How to Deal With Arrogant Children

Arrogance stems from negative emotions. And from arrogance stems impulsive, often dangerous behaviors. Though not all egocentric behavior is by default problematic, as a parent, you should at least be aware of the reason for this behavior. By understanding the root cause of arrogance and engaging your child in a conversation about arrogance, you can prevent that arrogance from producing antisocial and bullying behaviors.

The Root Cause

Before you can deal with a child’s arrogant and selfish behaviors, you must find the root cause. While noticing arrogance is easy – “He’s showing off again!” – understanding why they occur is more difficult. Most parents don’t abuse their children, but they can indirectly encourage selfish behaviors through undesirable parent-child interaction styles. Generally, these poor interaction styles come in two forms: pompous parenting and inattentive parenting. Being pompous teaches child that vanity is acceptable; being inattentive gives children an impetus to draw attention to themselves.

Egocentric Behavior: The Gateway to Bullying

As the article “Egocentrism and Risk-Taking among Adolescents” in the Asia Pacific Journal of Multidisciplinary Research suggests, egocentric behavior in children is correlated with risky behaviors. The school environment and the peer groups within tend to enhance such behavior via phenomena such as peer pressure and the desire to fit in. To appear “cool” or solidify their status, arrogant children under such circumstances might often engage in dangerous and antisocial actions such as cheating, playing dangerously, and – most severe of all –bullying other students.

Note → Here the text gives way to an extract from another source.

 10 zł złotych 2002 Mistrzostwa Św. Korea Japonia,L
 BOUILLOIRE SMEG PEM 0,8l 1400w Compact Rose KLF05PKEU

Bullies and Their Need for Attention

Because of its severity, bullying warrants special attention. If you suspect your child or other children engaging in bullying, pay attention to the telltale sign of bullying. That sign, according to Jennifer Sarazen, author of the book “Bullies and Their Victims,” is the consistent need to win in power struggles. Whether in the physical or social domain, arrogant bullies seek out weaker peers to dominate. For example, a child who takes pride in his family’s wealth might socially or physically harass less well-off children.

Deal with It

Common sense is not always the best form of parenting. Luckily, researchers on bullying and egotistical behavior, such as Dr. Edward Dragan, author of “The Bully Action Guide,” have sought ways to deal with such behavior 2. Once you recognize the signs of self-centered behavior, talk to your child in a non-judgmental fashion. Begin by asking questions, triggering your child to reflect on his behavior. Locate the negative emotions driving the behavior – emotions such as feelings of inferiority or a need for attention. Discuss and agree on new ways to handle those emotions. Finish the conversation by telling your child that egotistical behavior can have serious consequences, giving age-appropriate examples.